ASSIGNMENT:
Restate exactly the lines below, from the one containing "Женская майка Девочка" through the final line, and leave out the pictures.

RECORDS:
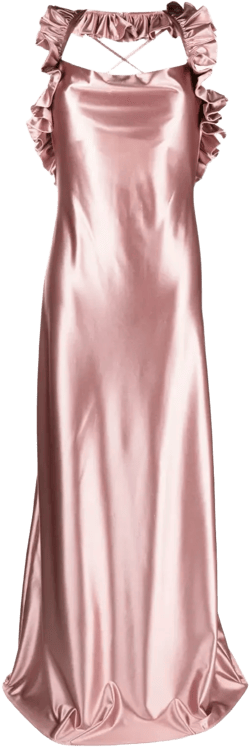 Iris satin ruffled maxi dress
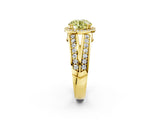 Yellow gold Fancy Yellow Round Cut Diamond Halo Ring with Split Shank Pavé Band and Four-Prong Setting_2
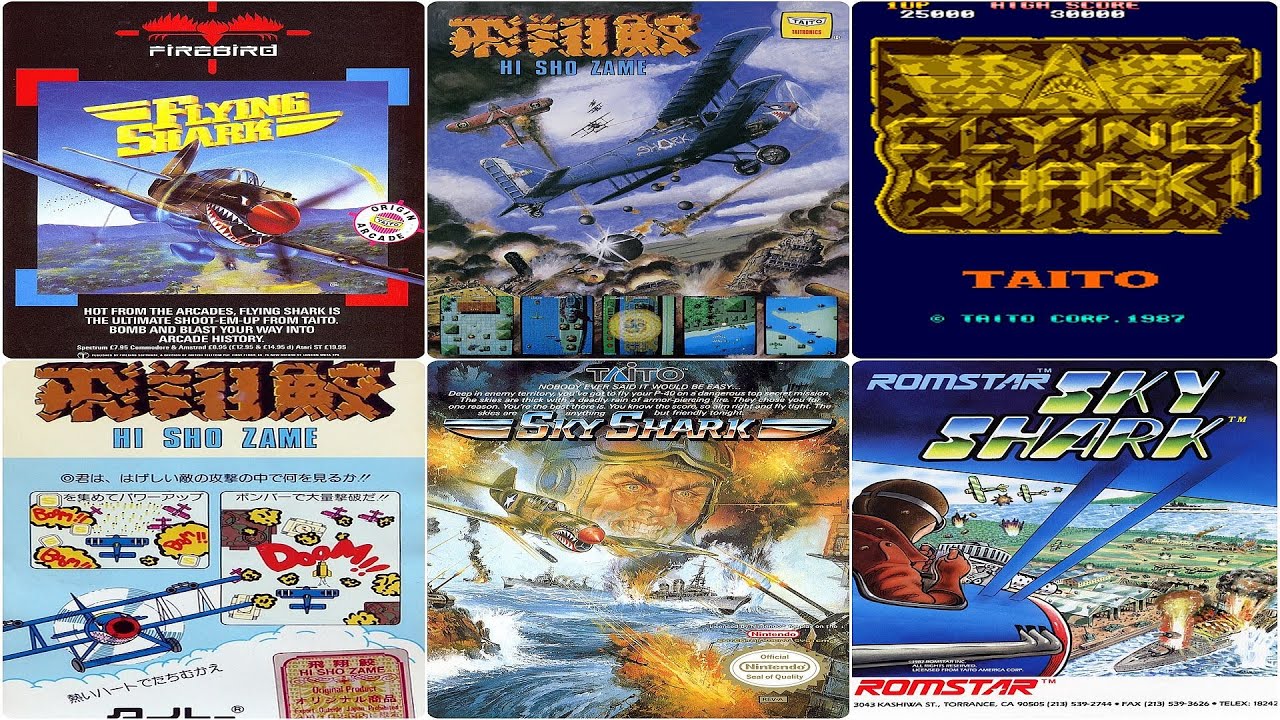 Borsuk Retro Gry TV: KONWERSJA - FLYING SHARK / SKY SHARK (arcade gameplay + konwersje)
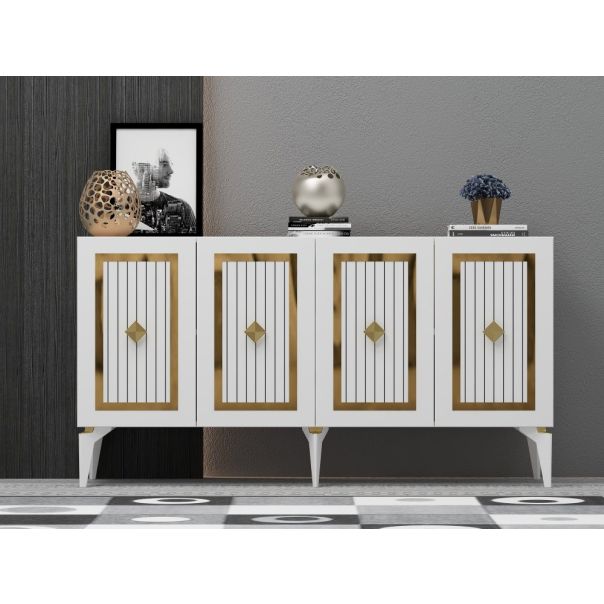 HANAH HOME Komoda Nora White Gold - 194421-1
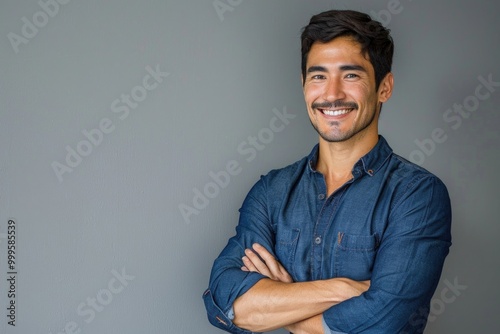 A man standing with arms crossed, posing in front of a gray wall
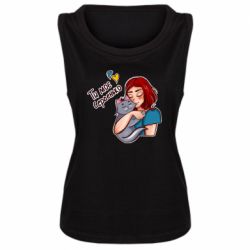 Женская майка Девочка с котом - ты мое сердечко - PrintSalon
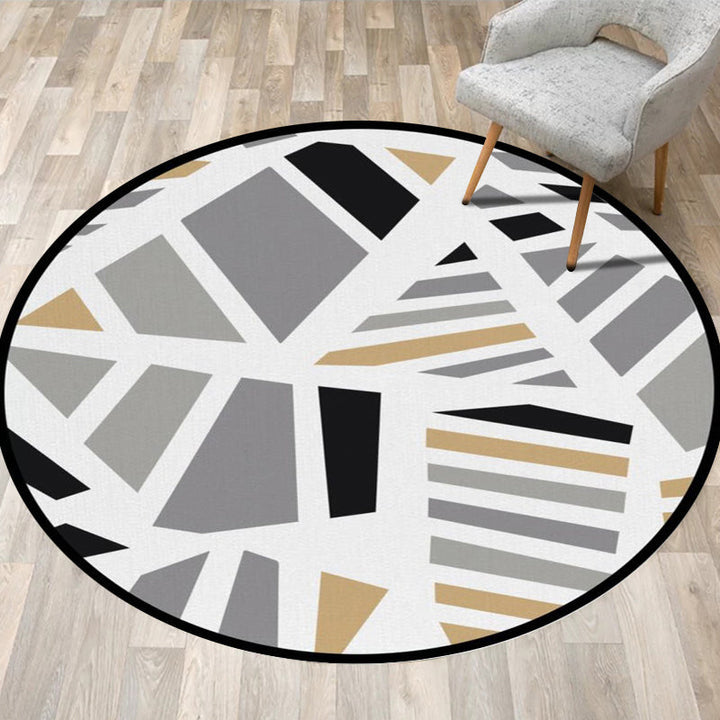 Einfacher moderner Teppich im grauen geometrischen Muster Teppich Polyester haustierfreundlicher Teppich für die Wohnkultur
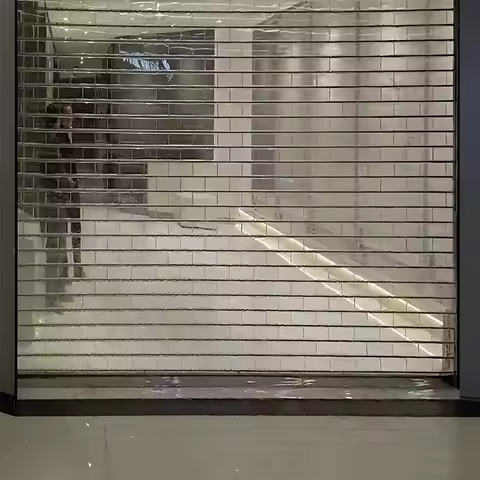 Custom Clear PVC Folding Rolling Shutter Door Modern Finished Surface Industrial Rolling Door For Wo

ANSWER:
 Женская майка Девочка с котом - ты мое сердечко - PrintSalon
 Einfacher moderner Teppich im grauen geometrischen Muster Teppich Polyester haustierfreundlicher Teppich für die Wohnkultur
 Custom Clear PVC Folding Rolling Shutter Door Modern Finished Surface Industrial Rolling Door For Wo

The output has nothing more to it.